Il parle de bateaux en partance sur lesquels il a envie d'embarquer, de bout du monde, de pays inconnus, d'îles lointaines d'éternel été. Cette chanson a fait le tour du monde et nous fait nous évader du quotidien
Des brumes du nord
Suivons ces désirs d’évasion et même si ce n'est pas le bout du monde, Jacques Brel nous emmène dans le port d'Amsterdam. La puissance d’évocation est telle qu'on devine la silhouette des navires, qu'on entend le chant des marins, qu'on entre dans la moiteur des tavernes, qu'on sent le mélange d'odeurs de bière, de friture, de fumée de tabac On se laisse emporter par les harmonies d'accordéon.
Au soleil de Lisbonne
Laissons-nous dériver au sud. Voici Lisbonne où règne le fado et où chantait Amalia Rodrigues qui en fut la reine : installé dans un petit bar sur le port, aux murs revêtus d'azulejos, d'où on peut voir la mer de paille, écoutons ces airs mélancoliques qui nous parlent de saudade, d'amours plus ou moins accomplies, de nostalgie ; ce qui ne nous empêche pas de déguster des pouce-pieds en buvant un vinho verde ou un madère
On s'y voit !
La frénésie du Brésil
Glissons franchement plus au sud
À l'instar des navigateurs portugais du XVIe siècle, portés par les alizés, voici Rio :
« Si tu vas à Rio. » chantait Dario Moreno. Les paroles ne sont sans doute pas inoubliables mais les airs de samba, de bossa-nova et autres chants de cariocas sont tellement entrainants qu'on se laisse attirer par la frénésie du carnaval.
Pour nous reposer, les plages de Copacabana nous tendent les bras. De là, on peut voir la statue du Christ rédempteur sur le Corcovado et les vénus callipyges jouant au volley-ball sur la plage. Le regard est-il plus attiré par l'un ou par les autres ? Allez savoir.
Le rêve californien
En quelques heures, l'avion nous emmène en Californie, Los Angeles, San-Francisco, pourquoi pas en compagnie de Nicolas Peyrac, un peu oublié aujourd'hui mais dont la chanson So far away from LA est caractéristique des années 1970. En l'écoutant, surgissent de la brume, le Golden Gate, Beverley Hills... Le soleil se couche derrière Alcatraz. On imagine la foule de célébrités qui se sont succédé ici.
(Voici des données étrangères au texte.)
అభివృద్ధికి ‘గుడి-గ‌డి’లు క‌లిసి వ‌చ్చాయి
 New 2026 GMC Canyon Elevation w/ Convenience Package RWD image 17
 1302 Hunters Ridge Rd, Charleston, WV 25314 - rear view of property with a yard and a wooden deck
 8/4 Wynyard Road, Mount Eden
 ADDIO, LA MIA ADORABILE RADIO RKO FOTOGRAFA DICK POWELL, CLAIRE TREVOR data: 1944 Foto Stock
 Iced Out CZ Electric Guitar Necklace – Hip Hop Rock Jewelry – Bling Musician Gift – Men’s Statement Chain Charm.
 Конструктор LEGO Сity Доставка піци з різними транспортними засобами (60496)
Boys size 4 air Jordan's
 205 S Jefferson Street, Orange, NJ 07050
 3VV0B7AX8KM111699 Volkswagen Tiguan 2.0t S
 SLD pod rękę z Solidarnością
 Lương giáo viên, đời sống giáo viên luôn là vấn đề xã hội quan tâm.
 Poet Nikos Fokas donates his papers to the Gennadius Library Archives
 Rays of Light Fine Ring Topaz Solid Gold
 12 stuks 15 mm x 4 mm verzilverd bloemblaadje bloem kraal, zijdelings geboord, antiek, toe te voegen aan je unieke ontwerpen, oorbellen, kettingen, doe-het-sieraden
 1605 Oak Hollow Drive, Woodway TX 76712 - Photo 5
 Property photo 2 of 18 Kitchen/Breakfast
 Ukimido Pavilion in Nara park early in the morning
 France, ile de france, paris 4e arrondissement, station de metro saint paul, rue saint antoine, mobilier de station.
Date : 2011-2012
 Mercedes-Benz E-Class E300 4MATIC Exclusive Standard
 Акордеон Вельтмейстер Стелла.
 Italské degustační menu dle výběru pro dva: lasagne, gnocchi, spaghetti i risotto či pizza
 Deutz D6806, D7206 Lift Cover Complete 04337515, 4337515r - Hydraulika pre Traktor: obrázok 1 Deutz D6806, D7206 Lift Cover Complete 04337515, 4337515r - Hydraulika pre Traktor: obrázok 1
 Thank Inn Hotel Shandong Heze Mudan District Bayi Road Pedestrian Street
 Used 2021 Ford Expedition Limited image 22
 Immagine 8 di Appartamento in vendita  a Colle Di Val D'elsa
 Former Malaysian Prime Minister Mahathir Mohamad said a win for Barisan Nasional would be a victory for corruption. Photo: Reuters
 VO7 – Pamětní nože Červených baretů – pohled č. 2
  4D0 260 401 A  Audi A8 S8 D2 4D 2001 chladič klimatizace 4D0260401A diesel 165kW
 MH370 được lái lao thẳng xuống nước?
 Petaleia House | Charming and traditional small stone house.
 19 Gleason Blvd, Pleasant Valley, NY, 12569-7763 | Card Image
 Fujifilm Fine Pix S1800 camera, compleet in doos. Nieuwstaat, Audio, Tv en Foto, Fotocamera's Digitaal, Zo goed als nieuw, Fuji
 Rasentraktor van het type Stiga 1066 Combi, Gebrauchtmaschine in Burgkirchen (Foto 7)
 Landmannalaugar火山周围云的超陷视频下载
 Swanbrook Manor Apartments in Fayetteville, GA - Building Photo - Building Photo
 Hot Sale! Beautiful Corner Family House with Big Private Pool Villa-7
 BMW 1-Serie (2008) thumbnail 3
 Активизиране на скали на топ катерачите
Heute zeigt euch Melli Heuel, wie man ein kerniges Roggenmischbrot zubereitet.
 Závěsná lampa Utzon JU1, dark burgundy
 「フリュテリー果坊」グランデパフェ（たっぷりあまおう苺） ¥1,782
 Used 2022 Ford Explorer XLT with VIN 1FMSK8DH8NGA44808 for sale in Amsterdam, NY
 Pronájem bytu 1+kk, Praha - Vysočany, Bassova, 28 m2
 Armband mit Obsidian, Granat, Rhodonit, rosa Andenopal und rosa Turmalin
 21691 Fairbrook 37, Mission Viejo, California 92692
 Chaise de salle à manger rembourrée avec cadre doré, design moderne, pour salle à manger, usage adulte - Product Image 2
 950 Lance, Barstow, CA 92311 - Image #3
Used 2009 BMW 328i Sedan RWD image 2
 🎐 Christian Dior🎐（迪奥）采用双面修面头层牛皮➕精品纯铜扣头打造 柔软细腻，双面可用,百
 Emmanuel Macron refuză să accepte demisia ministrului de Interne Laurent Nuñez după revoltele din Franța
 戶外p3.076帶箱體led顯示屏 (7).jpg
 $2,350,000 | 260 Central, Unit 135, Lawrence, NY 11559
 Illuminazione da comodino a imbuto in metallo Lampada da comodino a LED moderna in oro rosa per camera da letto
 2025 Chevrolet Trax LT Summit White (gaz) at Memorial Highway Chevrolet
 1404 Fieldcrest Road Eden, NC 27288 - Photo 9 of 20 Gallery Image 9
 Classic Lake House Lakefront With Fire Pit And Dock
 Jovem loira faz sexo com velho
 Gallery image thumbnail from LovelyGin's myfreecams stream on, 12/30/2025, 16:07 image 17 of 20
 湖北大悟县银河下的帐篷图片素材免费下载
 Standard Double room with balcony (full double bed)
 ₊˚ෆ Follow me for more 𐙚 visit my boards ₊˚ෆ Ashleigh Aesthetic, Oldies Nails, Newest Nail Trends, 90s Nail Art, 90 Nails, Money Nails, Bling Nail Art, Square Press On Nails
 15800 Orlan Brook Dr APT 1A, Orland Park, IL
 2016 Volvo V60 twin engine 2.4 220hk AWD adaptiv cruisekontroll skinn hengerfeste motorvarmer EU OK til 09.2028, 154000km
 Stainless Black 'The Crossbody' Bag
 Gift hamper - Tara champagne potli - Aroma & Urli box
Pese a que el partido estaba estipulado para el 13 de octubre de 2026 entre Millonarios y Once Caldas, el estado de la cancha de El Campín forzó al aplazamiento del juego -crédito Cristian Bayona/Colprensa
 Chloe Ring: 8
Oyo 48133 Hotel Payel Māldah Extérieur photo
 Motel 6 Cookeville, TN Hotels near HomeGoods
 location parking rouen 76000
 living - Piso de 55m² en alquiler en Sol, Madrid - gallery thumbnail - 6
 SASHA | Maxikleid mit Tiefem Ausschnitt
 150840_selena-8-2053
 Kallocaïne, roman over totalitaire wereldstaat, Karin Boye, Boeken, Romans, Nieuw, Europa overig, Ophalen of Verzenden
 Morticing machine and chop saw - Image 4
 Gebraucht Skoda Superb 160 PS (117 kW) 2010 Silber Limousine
En écoutant bien, on peut aussi entendre les airs de Joan Baez de Bob Dylan de John Lennon ou de Simon et Garfunkel. On vit quelques instants dans cette Californie de Peace and love, des hippies de la musique psychédélique assaisonnée de substances hallucinogènes.
Pour terminer ce voyage musical, passons par la Russie ou l'âme slave se révèle à travers les chants orthodoxes des monastères perdus dans les forêts de mélèzes, les chœurs populaires avec leurs voix graves, leurs accordéons et leurs balalaïkas. Sans oublier une touche d'orientalisme avec les steppes d'Asie centrales de Borodine et Shéhérazade de Rimski-Korsakov, le jazz de la Nouvelle-Orléans, les mélopées du Maghreb et tant d'autres...
Mais une bouffée d'air marin fournie par Julien Clerc L’horizon chimérique1, donne envie de repartir :
« Je me suis embarqué sur un vaisseau qui danse
et roule bord sur bord et tangue et se balance
mes pieds ont oublié la terre et ses chemins
les vagues souples m'ont appris d'autres cadences
plus belles que le rythme las des chants humains. »
L'âme d'un pays se révèle peut-être autant par sa musique et ses chansons qu'à travers maints voyages. Et tout cela, sans quitter notre fauteuil. Nous avons fait un sacré périple.